Is there an equivalent method to the R/Python put_file() methods for taking an object from a Scala notebook in DSX and saving it as a data asset for the project? If so is there any documentation? Looking for something like what was outlined in this article:
https://datascience.ibm.com/blog/working-with-object-storage-in-data-science-experience-python-edition/
I have already written the csv file I want within the notebook, just need to save it to the project!


Solution

  • Try following steps and code snippets -

    Step 1 : First generate the credentials. You should be able to generate it by clicking (for any file already uploaded from your browser) the 'Insert to Code->Insert Spark Session Dataframe' from File tab of 'File and Add Data' pane in DSX.

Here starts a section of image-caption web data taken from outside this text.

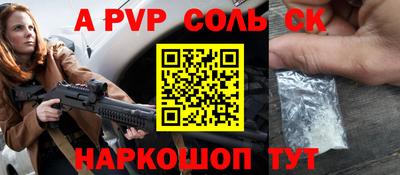тгк Изобильный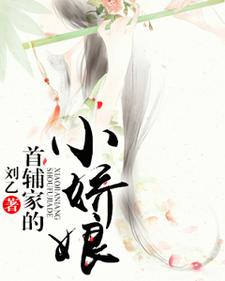 已完结小说《首辅家的小娇娘》在线章节阅读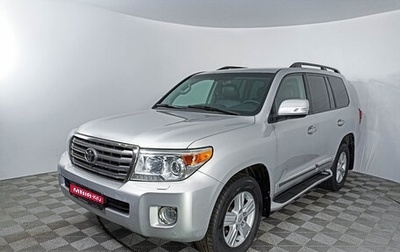 Toyota Land Cruiser 200, 2013 год, 4 845 000 рублей, 1 фотография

    def setHadoopConfig2db1c1ff193345c28eaffb250b92d92b(name: String) = {
    
        val prefix = "fs.swift.service." + name
        sc.hadoopConfiguration.set(prefix + ".auth.url", "https://identity.open.softlayer.com" + "/v3/auth/tokens")
        sc.hadoopConfiguration.set(prefix + ".auth.endpoint.prefix","endpoints")
        sc.hadoopConfiguration.set(prefix + ".tenant", "<tenant id>")
        sc.hadoopConfiguration.set(prefix + ".username", "<userid>")
        sc.hadoopConfiguration.set(prefix + ".password", "<password.")
        sc.hadoopConfiguration.setInt(prefix + ".http.port", 8080)
        sc.hadoopConfiguration.set(prefix + ".region", "dallas")
        sc.hadoopConfiguration.setBoolean(prefix + ".public", false)
    }
    
    val name = "keystone"
    setHadoopConfig2db1c1ff193345c28eaffb250b92d92b(name)
    
    val data_frame1 = spark.read.option("header","true").csv("swift://'Your 
    DSXProjectName'.keystone/<your file name>.csv")
    

    Step 2 : some code which creates data_frame2 from data_frame1 after say some transformation

    Step 3 : Use the same container and project name while saving data of data_frame2 to a file in object store

    data_frame2.write.option("header","true").csv("swift://'Same DSXproject name as before'.keystone/<name of the file u want to write the data>.csv")
    

    Please note that you can generate the credential in step 1 and can use it for saving any dataframe in your current notebook without even reading data from any file.